**Source material**
== Segment start ==
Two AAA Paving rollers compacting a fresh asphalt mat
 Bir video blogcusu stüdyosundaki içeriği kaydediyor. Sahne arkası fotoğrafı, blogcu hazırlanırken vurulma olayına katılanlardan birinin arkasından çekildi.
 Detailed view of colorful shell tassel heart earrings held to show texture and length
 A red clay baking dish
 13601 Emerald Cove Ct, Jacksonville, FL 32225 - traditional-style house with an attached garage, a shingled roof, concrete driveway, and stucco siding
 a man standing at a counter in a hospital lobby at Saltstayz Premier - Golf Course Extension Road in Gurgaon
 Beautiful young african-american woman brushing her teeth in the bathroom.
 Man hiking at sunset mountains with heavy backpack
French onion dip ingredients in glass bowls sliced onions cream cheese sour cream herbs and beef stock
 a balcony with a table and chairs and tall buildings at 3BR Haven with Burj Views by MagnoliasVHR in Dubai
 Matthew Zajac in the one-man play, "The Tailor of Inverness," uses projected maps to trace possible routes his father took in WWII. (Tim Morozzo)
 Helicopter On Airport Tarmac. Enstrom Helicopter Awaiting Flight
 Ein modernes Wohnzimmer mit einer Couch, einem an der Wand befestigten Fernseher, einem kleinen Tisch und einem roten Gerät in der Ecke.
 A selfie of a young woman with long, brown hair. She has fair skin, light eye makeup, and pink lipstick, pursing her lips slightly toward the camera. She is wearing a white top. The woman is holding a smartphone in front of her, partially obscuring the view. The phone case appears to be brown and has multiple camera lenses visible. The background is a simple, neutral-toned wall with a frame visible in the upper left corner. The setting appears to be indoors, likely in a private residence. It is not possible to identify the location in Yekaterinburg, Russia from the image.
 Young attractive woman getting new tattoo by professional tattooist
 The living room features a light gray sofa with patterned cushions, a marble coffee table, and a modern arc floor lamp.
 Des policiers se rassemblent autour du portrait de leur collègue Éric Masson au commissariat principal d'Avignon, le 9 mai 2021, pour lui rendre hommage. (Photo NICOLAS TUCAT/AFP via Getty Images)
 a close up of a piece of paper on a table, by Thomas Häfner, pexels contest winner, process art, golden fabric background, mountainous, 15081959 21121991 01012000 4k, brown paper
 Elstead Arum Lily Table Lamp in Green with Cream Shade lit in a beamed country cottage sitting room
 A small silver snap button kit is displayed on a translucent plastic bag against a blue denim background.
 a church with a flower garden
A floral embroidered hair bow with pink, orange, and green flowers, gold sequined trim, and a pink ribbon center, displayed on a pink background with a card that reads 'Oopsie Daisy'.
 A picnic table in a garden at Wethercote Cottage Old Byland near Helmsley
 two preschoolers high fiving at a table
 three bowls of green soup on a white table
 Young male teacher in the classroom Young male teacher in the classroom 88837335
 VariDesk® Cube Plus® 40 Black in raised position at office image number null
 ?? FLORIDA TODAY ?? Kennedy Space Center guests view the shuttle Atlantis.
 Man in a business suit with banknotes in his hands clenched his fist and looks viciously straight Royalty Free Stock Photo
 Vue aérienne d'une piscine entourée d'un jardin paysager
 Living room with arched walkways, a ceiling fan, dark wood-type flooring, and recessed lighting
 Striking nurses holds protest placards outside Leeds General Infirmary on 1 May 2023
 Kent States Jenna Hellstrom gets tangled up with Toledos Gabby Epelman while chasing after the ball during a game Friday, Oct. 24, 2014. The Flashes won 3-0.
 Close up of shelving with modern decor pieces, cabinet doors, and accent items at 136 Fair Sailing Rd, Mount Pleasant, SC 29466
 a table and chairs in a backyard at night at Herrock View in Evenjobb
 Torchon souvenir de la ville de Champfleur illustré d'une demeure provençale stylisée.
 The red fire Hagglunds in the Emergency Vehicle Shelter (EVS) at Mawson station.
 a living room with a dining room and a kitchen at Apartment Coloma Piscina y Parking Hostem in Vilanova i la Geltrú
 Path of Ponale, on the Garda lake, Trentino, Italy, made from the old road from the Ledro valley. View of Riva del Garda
== Segment end ==
**Task to carry out**
Exactly reproduce every line of the records.

**Answer to the problem**
Two AAA Paving rollers compacting a fresh asphalt mat
 Bir video blogcusu stüdyosundaki içeriği kaydediyor. Sahne arkası fotoğrafı, blogcu hazırlanırken vurulma olayına katılanlardan birinin arkasından çekildi.
 Detailed view of colorful shell tassel heart earrings held to show texture and length
 A red clay baking dish
 13601 Emerald Cove Ct, Jacksonville, FL 32225 - traditional-style house with an attached garage, a shingled roof, concrete driveway, and stucco siding
 a man standing at a counter in a hospital lobby at Saltstayz Premier - Golf Course Extension Road in Gurgaon
 Beautiful young african-american woman brushing her teeth in the bathroom.
 Man hiking at sunset mountains with heavy backpack
French onion dip ingredients in glass bowls sliced onions cream cheese sour cream herbs and beef stock
 a balcony with a table and chairs and tall buildings at 3BR Haven with Burj Views by MagnoliasVHR in Dubai
 Matthew Zajac in the one-man play, "The Tailor of Inverness," uses projected maps to trace possible routes his father took in WWII. (Tim Morozzo)
 Helicopter On Airport Tarmac. Enstrom Helicopter Awaiting Flight
 Ein modernes Wohnzimmer mit einer Couch, einem an der Wand befestigten Fernseher, einem kleinen Tisch und einem roten Gerät in der Ecke.
 A selfie of a young woman with long, brown hair. She has fair skin, light eye makeup, and pink lipstick, pursing her lips slightly toward the camera. She is wearing a white top. The woman is holding a smartphone in front of her, partially obscuring the view. The phone case appears to be brown and has multiple camera lenses visible. The background is a simple, neutral-toned wall with a frame visible in the upper left corner. The setting appears to be indoors, likely in a private residence. It is not possible to identify the location in Yekaterinburg, Russia from the image.
 Young attractive woman getting new tattoo by professional tattooist
 The living room features a light gray sofa with patterned cushions, a marble coffee table, and a modern arc floor lamp.
 Des policiers se rassemblent autour du portrait de leur collègue Éric Masson au commissariat principal d'Avignon, le 9 mai 2021, pour lui rendre hommage. (Photo NICOLAS TUCAT/AFP via Getty Images)
 a close up of a piece of paper on a table, by Thomas Häfner, pexels contest winner, process art, golden fabric background, mountainous, 15081959 21121991 01012000 4k, brown paper
 Elstead Arum Lily Table Lamp in Green with Cream Shade lit in a beamed country cottage sitting room
 A small silver snap button kit is displayed on a translucent plastic bag against a blue denim background.
 a church with a flower garden
A floral embroidered hair bow with pink, orange, and green flowers, gold sequined trim, and a pink ribbon center, displayed on a pink background with a card that reads 'Oopsie Daisy'.
 A picnic table in a garden at Wethercote Cottage Old Byland near Helmsley
 two preschoolers high fiving at a table
 three bowls of green soup on a white table
 Young male teacher in the classroom Young male teacher in the classroom 88837335
 VariDesk® Cube Plus® 40 Black in raised position at office image number null
 ?? FLORIDA TODAY ?? Kennedy Space Center guests view the shuttle Atlantis.
 Man in a business suit with banknotes in his hands clenched his fist and looks viciously straight Royalty Free Stock Photo
 Vue aérienne d'une piscine entourée d'un jardin paysager
 Living room with arched walkways, a ceiling fan, dark wood-type flooring, and recessed lighting
 Striking nurses holds protest placards outside Leeds General Infirmary on 1 May 2023
 Kent States Jenna Hellstrom gets tangled up with Toledos Gabby Epelman while chasing after the ball during a game Friday, Oct. 24, 2014. The Flashes won 3-0.
 Close up of shelving with modern decor pieces, cabinet doors, and accent items at 136 Fair Sailing Rd, Mount Pleasant, SC 29466
 a table and chairs in a backyard at night at Herrock View in Evenjobb
 Torchon souvenir de la ville de Champfleur illustré d'une demeure provençale stylisée.
 The red fire Hagglunds in the Emergency Vehicle Shelter (EVS) at Mawson station.
 a living room with a dining room and a kitchen at Apartment Coloma Piscina y Parking Hostem in Vilanova i la Geltrú
 Path of Ponale, on the Garda lake, Trentino, Italy, made from the old road from the Ledro valley. View of Riva del Garda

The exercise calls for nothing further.